Le Journal de l’énergie : Qu’est-ce que Topten ?

 

Sophie Attali : « Topten est un site Internet dont le but est d’informer les consommateurs sur les produits les plus économes en énergie et qui sont disponibles maintenant sur le marché français. Un consommateur qui veut s’informer vient sur notre site pour trouver une série de références commerciales précises : les produits les plus économes pour un même service.

 

C’est un très gros travail de constituer ces listes de produits. Notre but est de transformer les marchés et d’inciter les fabricants et les distributeurs à proposer plus d’appareils économes en énergie. Topten est basé sur les réglementations et les normes énergétiques européennes en vigueur. Nous voulons parler le langage des fabricants pour les inciter à produire des appareils de plus en plus économes et respectueux de l’environnement. Notre méthodologie est transparente.

 

 Un produit recommandé par notre site consomme entre deux et trois fois moins d’électricité qu’un autre produit qu’on peut acheter au même moment pour le même service.

 

« Nous sommes une sorte de service public : c’est grâce aux financements de l’Agence de l’environnement et de la maîtrise de l’énergie (ADEME) et de l’Europe que toutes nos informations sont publiques, gratuites, et que nous travaillons en toute indépendance et sans recours à la publicité.

 

Nous sommes dix-neuf pays à travailler ensemble. En Europe, nous avons les mêmes réglementations, les mêmes fournisseurs. Pour l’électroménager, il y a cinq ou six groupes maximum actifs en Europe capables de vendre leurs produits dans tous les pays de l’Union Européenne (UE).
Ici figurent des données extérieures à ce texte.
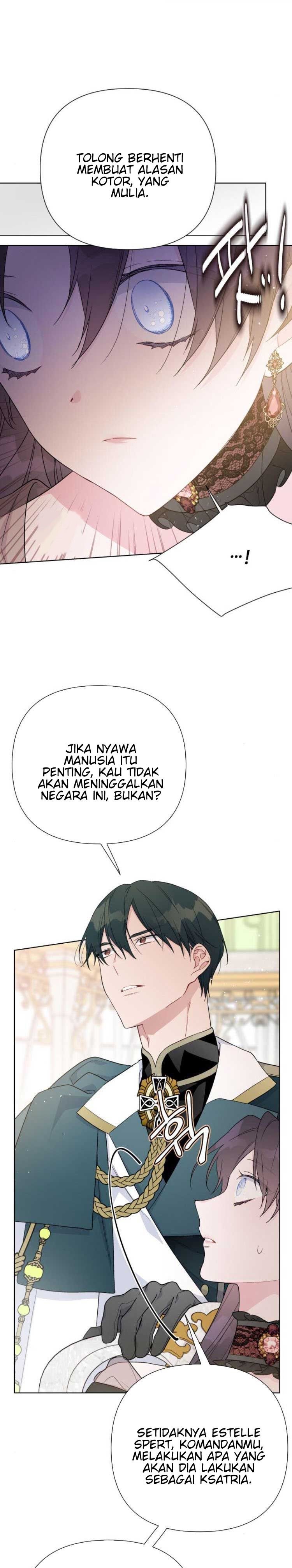 The Way That Knight Lives As a Lady Chapter 44 Bahasa Indonesia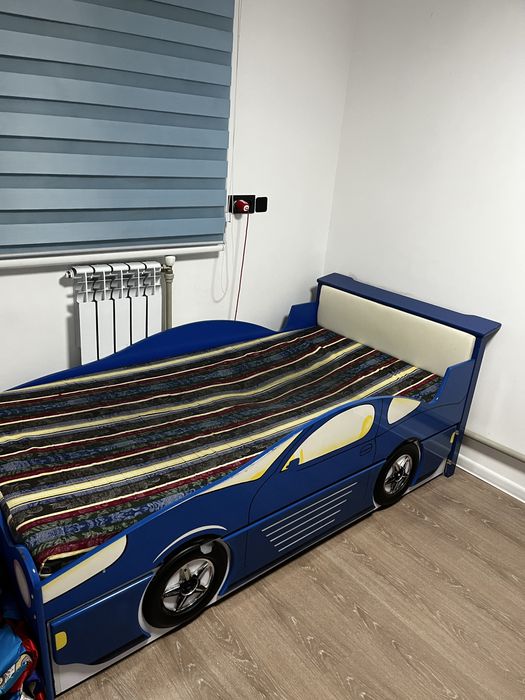 Продам кровать трансформер, двухъярусная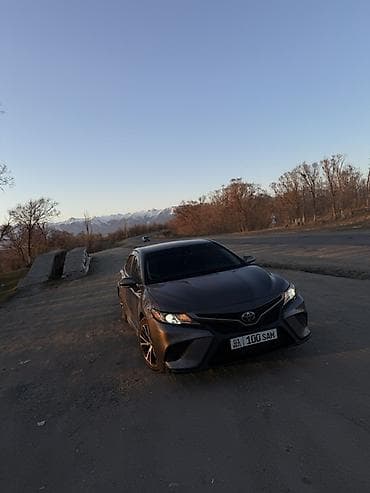 corolla 2004: Toyota Camry: 2019 г., 2.5 л, Автомат, Бензин, Седан — 7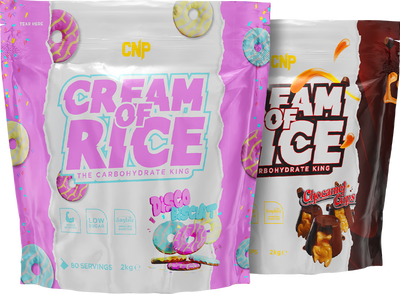 CNP Cream Of Rice - 2000 g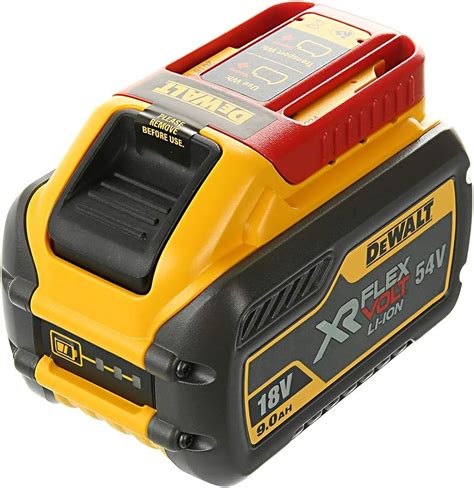 Acumulator 18 54V 9 0Ah XR FLEXVOLT DeWalt DCB547 XJ Scule DEWALT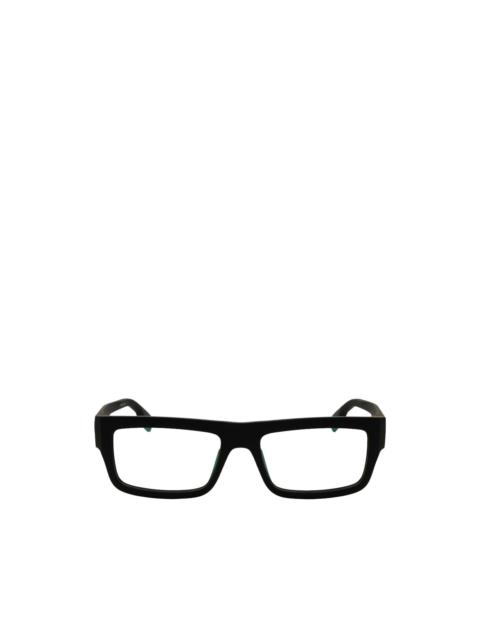 Canada Goose rectangle-frame glasses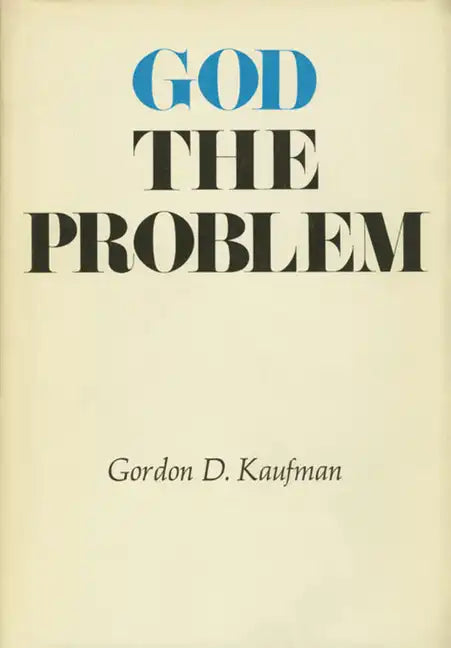God the Problem - Paperback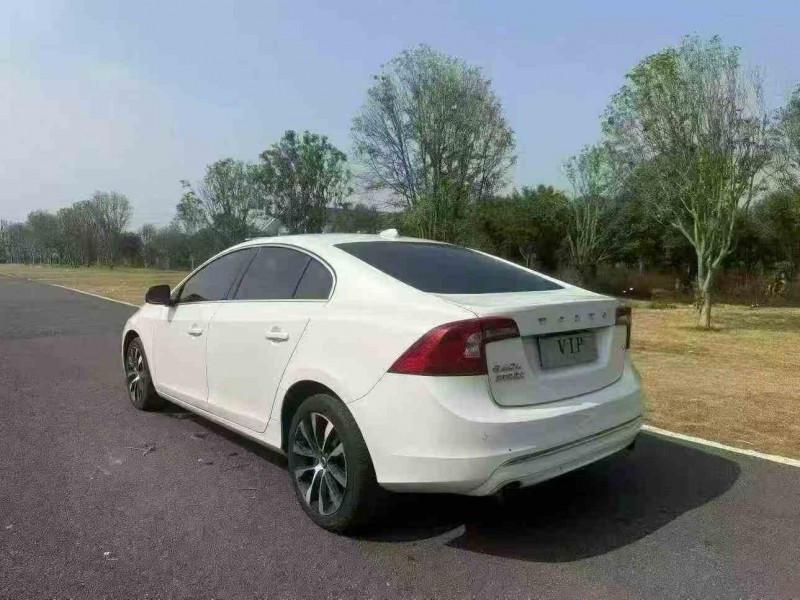 北海20年沃尔沃S907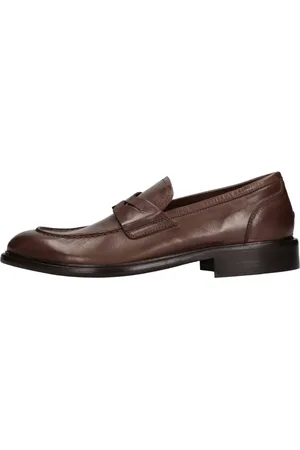HUNDRED 100 Hombre, Zapatos, Marrón, Talla: 41 EU
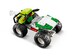 Конструктор LEGO Creator Багі для бездоріжжя 3-в-1 31123 дополнительное фото 5.
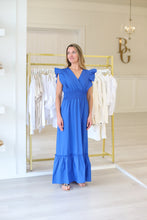 Mary Jane Maxi Dress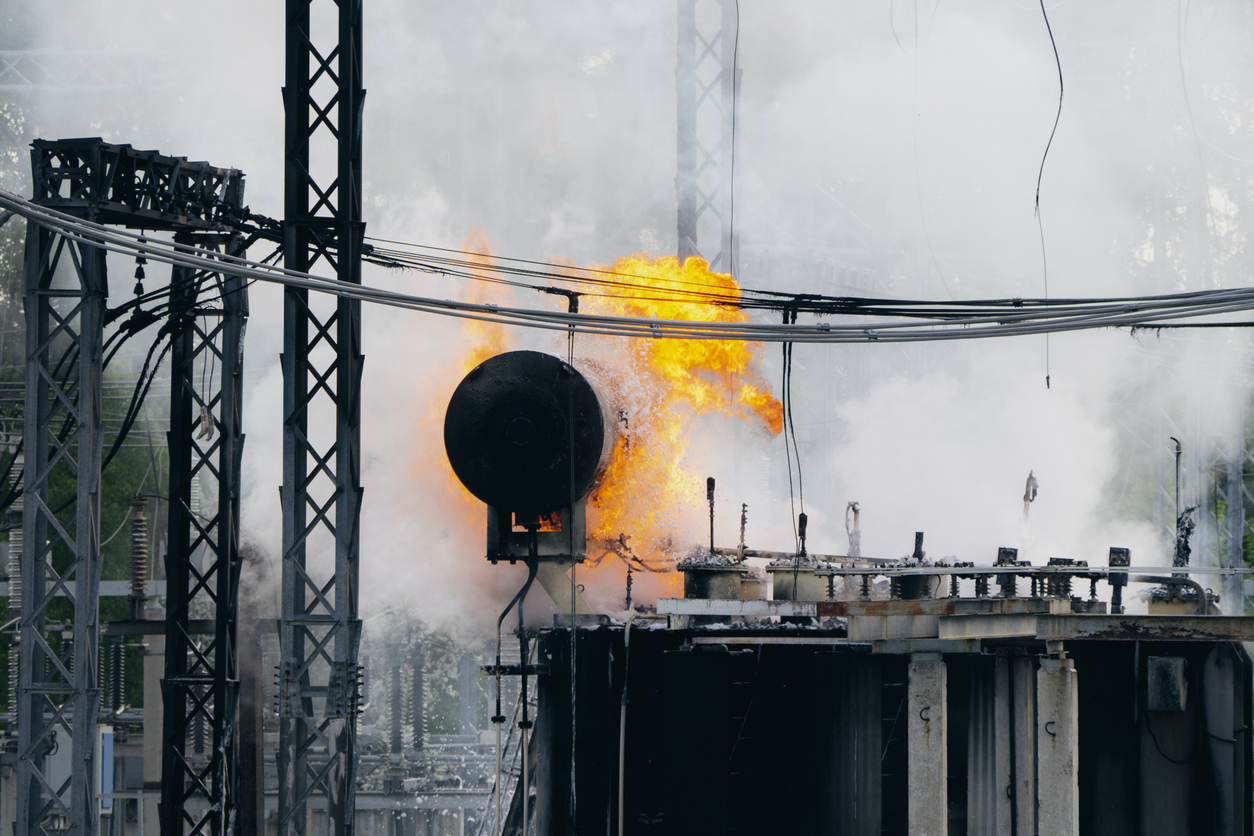 Productos eléctricos industriales para atmósferas explosivas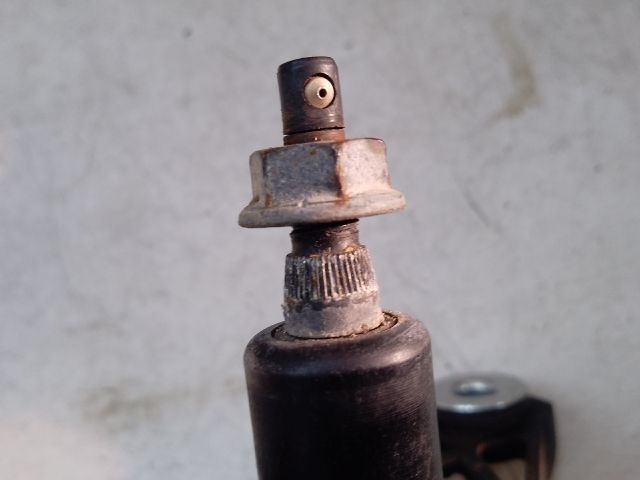 bontott VW SHARAN Hátsó Ablaktörlő Motor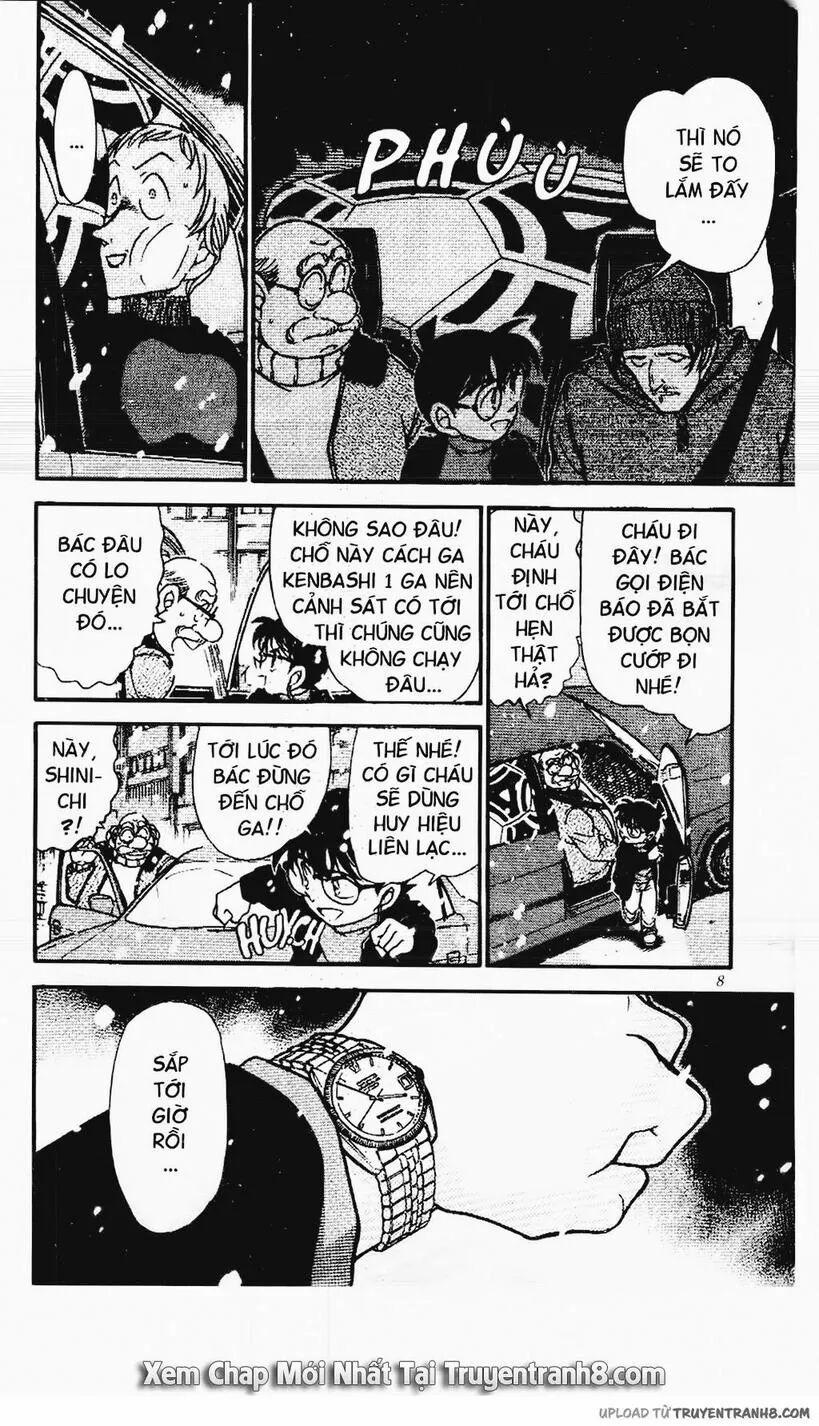 Thám Tử Conan 383 trang 5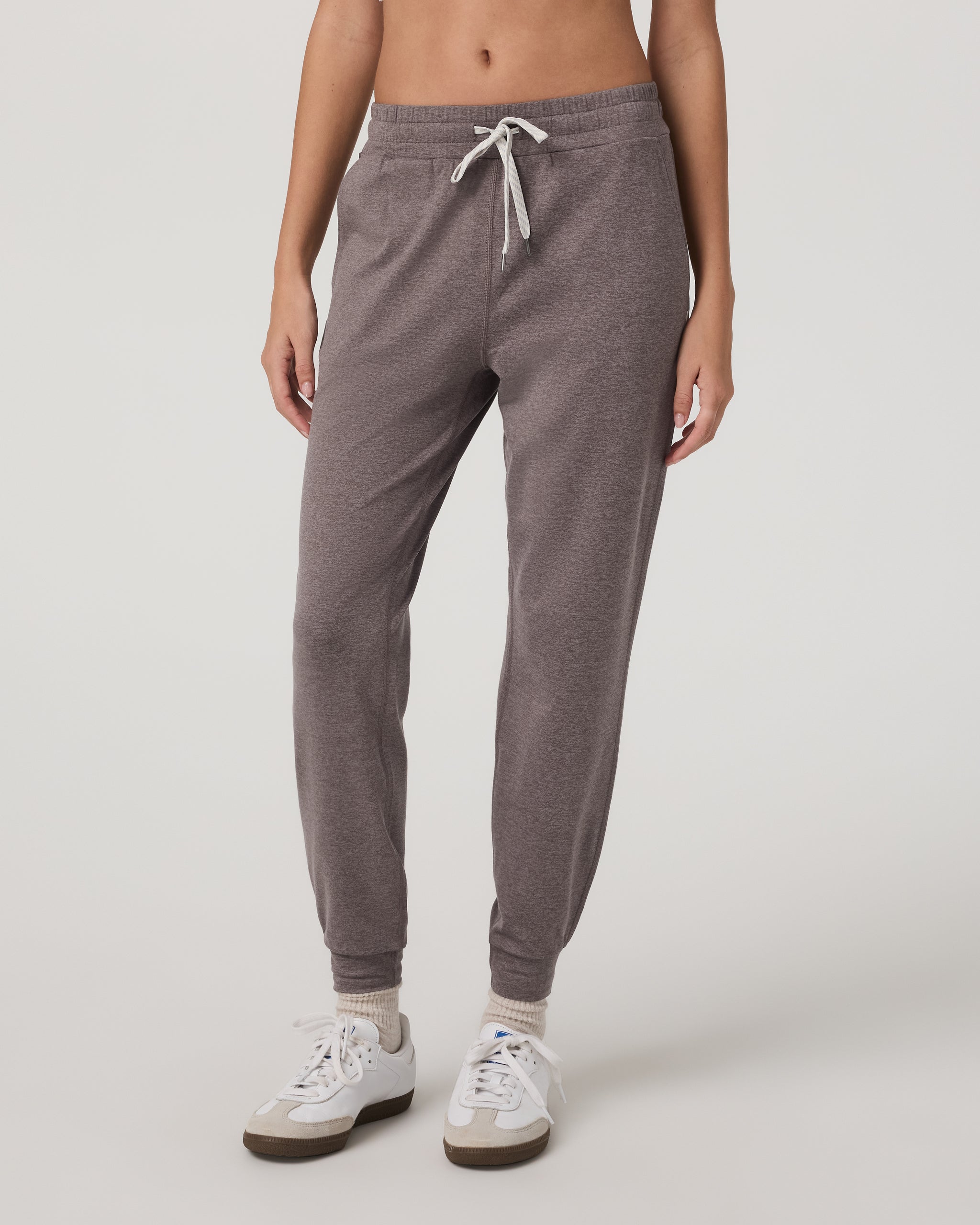 Performance Jogger | Huckleberry Heather - Image 2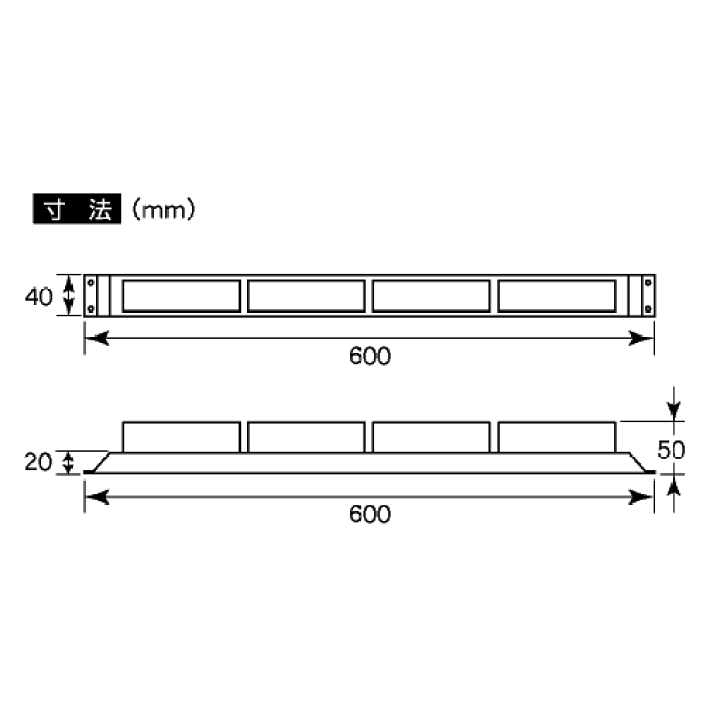 楽天市場】CE-242A 流星 Re6LED車高灯 4連セット アンバー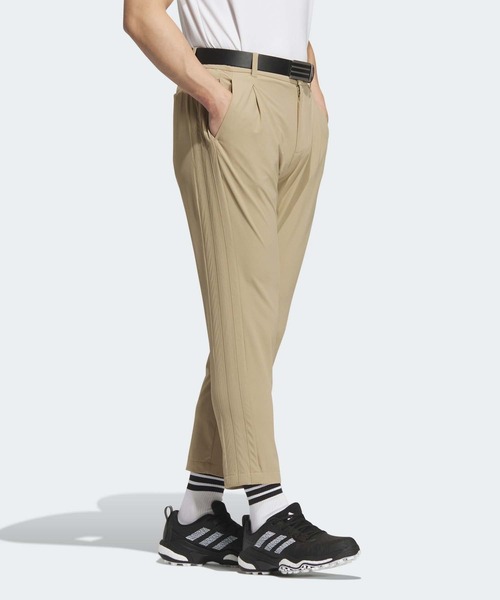 adidas（アディダス） ワイドパンツ パンツ EX stretch active スリー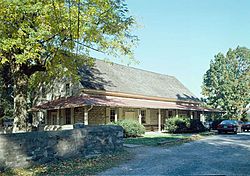 Plymouth Friends Meetinghouse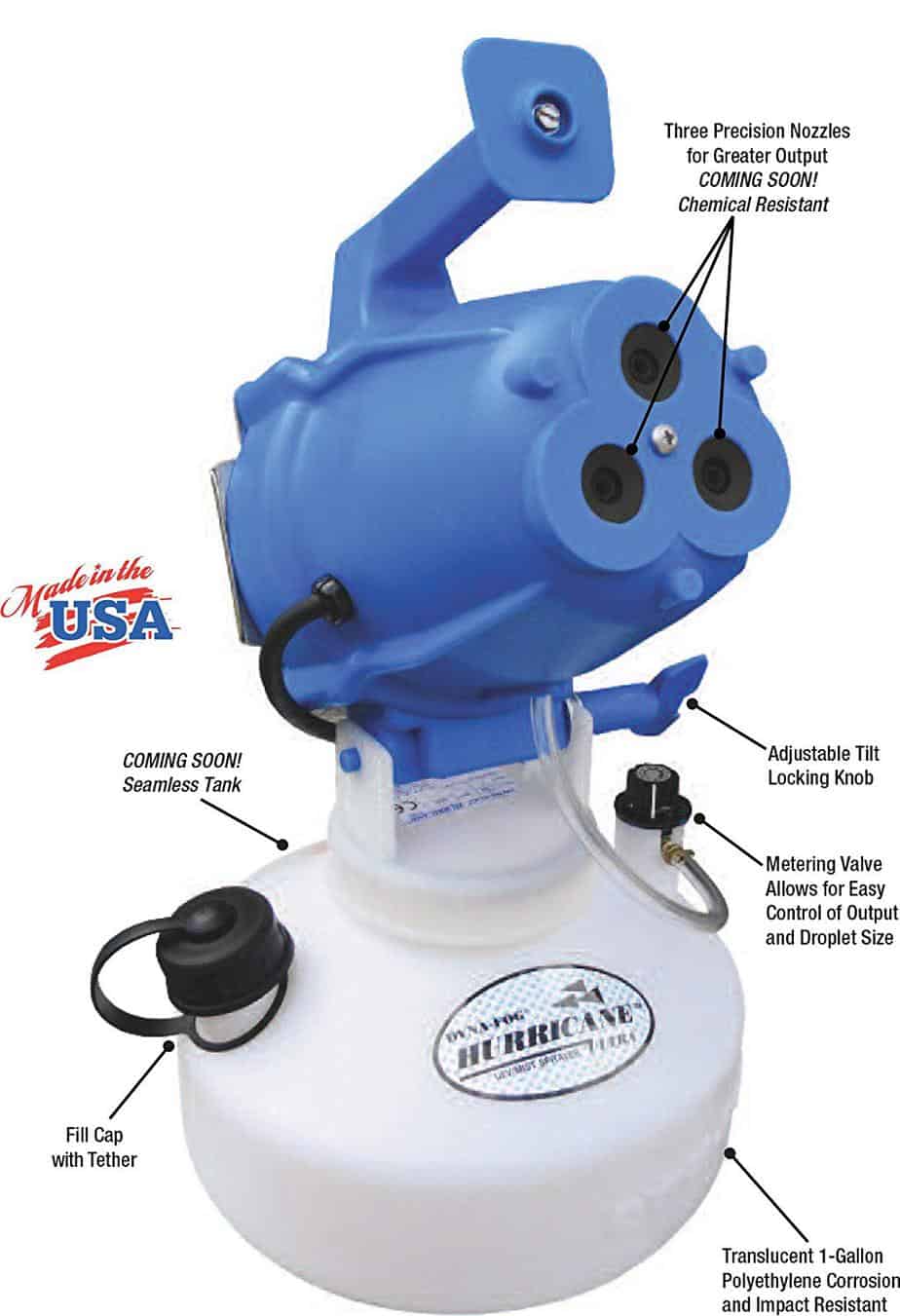 Top 5 Best Electric Mosquito Foggers Buying Guide Insect Hobbyist
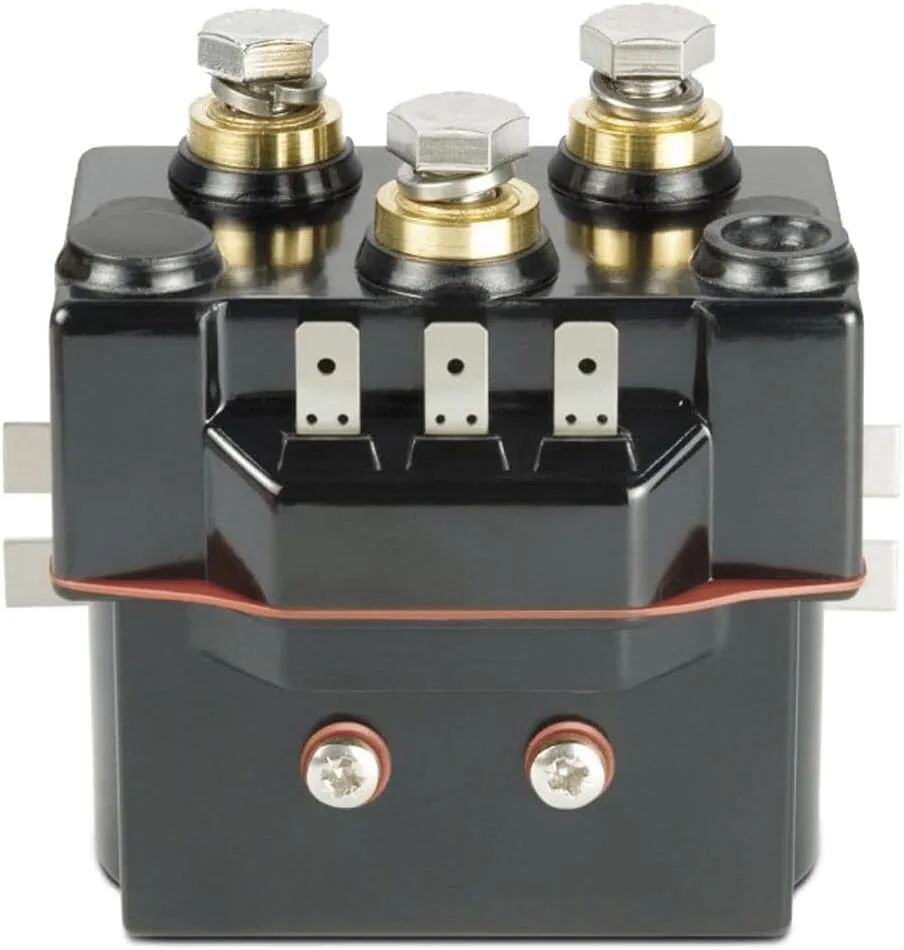 Quick Non Reversing Solenoid Unit 12V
Pourtant les marchés sont singulièrement différents d’un pays à l’autre. C’est pourquoi on est obligé de travailler dans chaque pays à un niveau très local pour satisfaire le consommateur. Parallèlement, nous travaillons à un niveau global parce que les fabricants sont organisés globalement. C’est ensemble qu’on peut faire masse critique et parler d’une seule voix en faveur des économies d’énergie.

 

 

Pourquoi est-il important d’acheter un appareil économe en énergie ?

 

« C’est important d’abord pour faire des économies d’argent. Un produit recommandé par notre site consomme entre deux et trois fois moins d’électricité qu’un autre produit énergivore qu’on peut acheter au même moment pour le même service. Ca peut faire cher le glaçon alors ça vaut le coup de se renseigner. Les appareils les plus économes peuvent être un peu plus cher au départ, mais on récupère le plus souvent sa mise sur la durée de vie de l’appareil, voire bien avant.

 

 Si on choisit mal son appareil, on continue à surconsommer pendant toute la durée de vie de la machine. 

 

« Un exemple : aujourd’hui il existe des sèche-linge très performants équipés de pompe à chaleur. C’est vrai que ceux qui sont très bien classés sur notre site coûtent un peu plus cher à l’achat à cause de cette technologie relativement nouvelle. Mais si on fait ce « surinvestissement », le sèche-linge équipé d’une pompe à chaleur économise 50 % d’électricité par rapport à un sèche-linge classique sur une durée de vie moyenne de quinze ans. Si on opte pour le sèche-linge classique, on continue à surconsommer pendant toute la durée de vie de la machine. Et là ça devient primordial pour toute la collectivité : il se vend environ 700 000 sèche-linge chaque année et si chaque consommateur fait le bon choix, imaginez la différence ! Moins on consomme d’énergie, moins il y a de pollution, moins il y a d’émissions de gaz à effet de serre, moins il y a de transport des appareils, etc.

 

 

Combien d’électricité pourrait-on économiser si on remplaçait les appareils électriques actuels par les appareils les plus économes à l’échelle de la France ?

 

« En France, si on remplaçait les appareils électriques les plus courants en fonctionnement dans les foyers par des appareils les plus économes choisis par Topten, on économiserait 25 térawattheures (TWh) par an. Ce qui correspond à une économie de 160 euros par ménage par an ou à la production de 3,5 réacteurs nucléaires (cliquez sur l’illustration ci-dessous).

 

En France, on économiserait la production de 3,5 réacteurs nucléaires si on remplaçait les appareils électriques les plus courants par les appareils les plus économes.

 

« De grands progrès ont été faits depuis une génération sur les consommations d’énergie des appareils. Par exemple, les frigos consomment beaucoup moins qu’il y a vingt ans mais le problème c’est qu’on a multiplié les appareils chez soi, qu’on les choisit surdimensionnés et que le nombre d’heures d’utilisation a explosé. On continue à consommer énormément d’électricité alors même que chaque appareil a fait des progrès, notamment grâce aux réglementations européennes avec les étiquettes énergie.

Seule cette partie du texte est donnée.